Mumbai: The markets expressed great dis-appointment to the mega Rs. 20 lakh crore economic package announced by the government over the weekend. The market undertone was so pessimist, that for once it overlooked even positive overseas cues.
According to reports, market experts and economists have largely criticised the government stimulus measures as been inadequate to drive consumption or manufacturing activity. Further, the proposed move to stop fresh insolvency cases for a year with an aim to avoid a wave of bankruptcies from companies did not augur well for the struggling banking sector.
This morning, thanks to the positive overseas cues, the BSE Sensex opened 150-odd points higher at 31,248, and that was the only shining spot today. Soon enough, the BSE index nose-dived into the negative territory and traded with heavy losses throughout the day. The Sensex cracked below the 30,000-mark for the first time this month as it touched a low of 29,968. The Sensex finally ended with a loss of 1,069 points (3.4 per cent) at 30,029.
Among the Sensex 30 stocks, IndusInd Bank was the biggest loser, down 10 per cent at Rs. 377. UltraTech Cement, Axis Bank, HDFC, ICICI Bank, Maruti, Bajaj Finance, Bajaj Auto, SBI, Larsen & Toubro, HDFC Bank and Hero MotoCorp tumbled 6-8 per cent each. IT stocks, however, bucked the trend. TCS surged 2.7 per cent and Infosys was up 1.7 per cent.
Among sectoral indices, the BSE Bankex slumped 6.7 per cent. The Auto and Realty indices also plunged over 5 per cent each. The Consumer Durables, Metal, Oil & Gas and Power indices also slipped over 3 per cent each. On the positive front, the BSE IT index jumped 1.4 per cent.
The market breadth was extremely bearish, with more than three declining stocks for every single advancing share. Out of 2,479 stocks traded on the BSE today, 1,770 declined and 549 advanced. Further, 34 stocks registered a new 52-week high today, while 109 stocks recorded a fresh 52-week low.

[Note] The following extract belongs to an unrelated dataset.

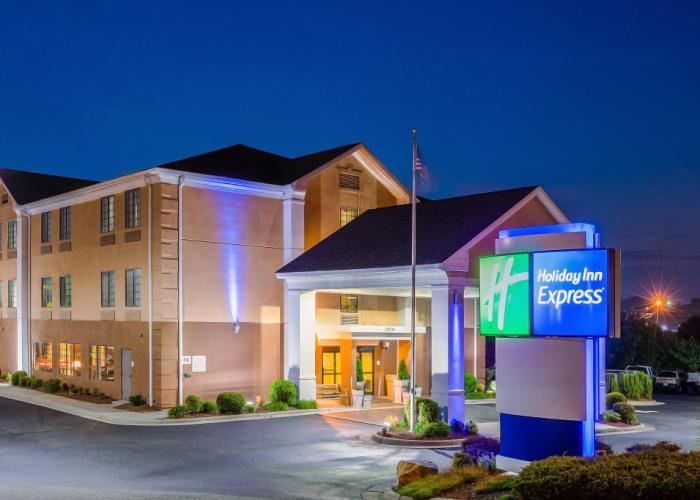 Holiday Inn Exp Winston Salem by IHG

With today’s sharp fall the Sensex has broken below its monthly Fibonacci S2 support (30,525) and is now within striking distance of its monthly Fibonacci S3 support at 29,770. Going ahead, the S3 level needs to be closely watched for signs of any trend reversal. In case, 29,770, does not hold then the trend could remain bearish for the remainder of the month, with strong resistance expected around 31,280 and 32,300-odd levels.

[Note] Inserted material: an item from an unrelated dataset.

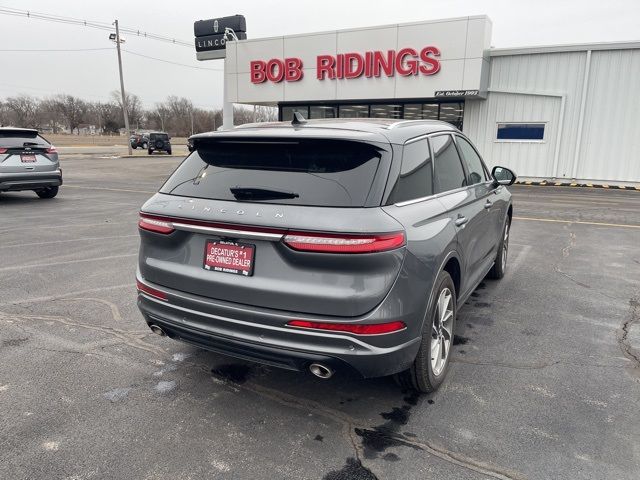 2023 Lincoln Corsair Grand Touring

As per the daily Fibonacci charts, on Tuesday, the BSE Sensex may seek support around 29,540-29,390-29,240, while in case of an up move the BSE index may face resistance around 30,520-30,670-30,820.

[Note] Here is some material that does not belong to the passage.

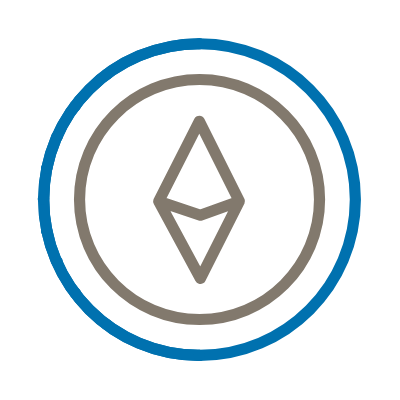 Etherummünze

The NSE Nifty dropped 3.4 per cent to 8,823 and in doing so has not only broken it’s trend line support around 8,980 but also ended below the lower-end of the Bollinger Band on the daily charts, which is a negative sign. The only silver lining for the markets is that the key ADX (Average Directional Index) is tepid, which means neither the bulls nor the bears are strong enough currently. Hence, a pull-back seems quite possible.
The bears may hold slight advantage as long as the Nifty sustains below 8,850-odd level. In case of a pull-back, the NSE index is expected to face strong resistance around 9,250-odd levels, where the 20-DMA (Daily Moving Average) and 50-DMA converge.
Among the other key momentum oscillators – the MACD (Moving Average Convergence Divergence) has given a negative divergence on the daily charts, while the Slow Stochastic and the DI (Directional Index) too continue to remain in favour of the bears. The 14-day RSI (Relative Strength Index) remains in neutral mode.
Disclaimer: The article is for information purpose only and does not advocate any buy or sell /recommendation.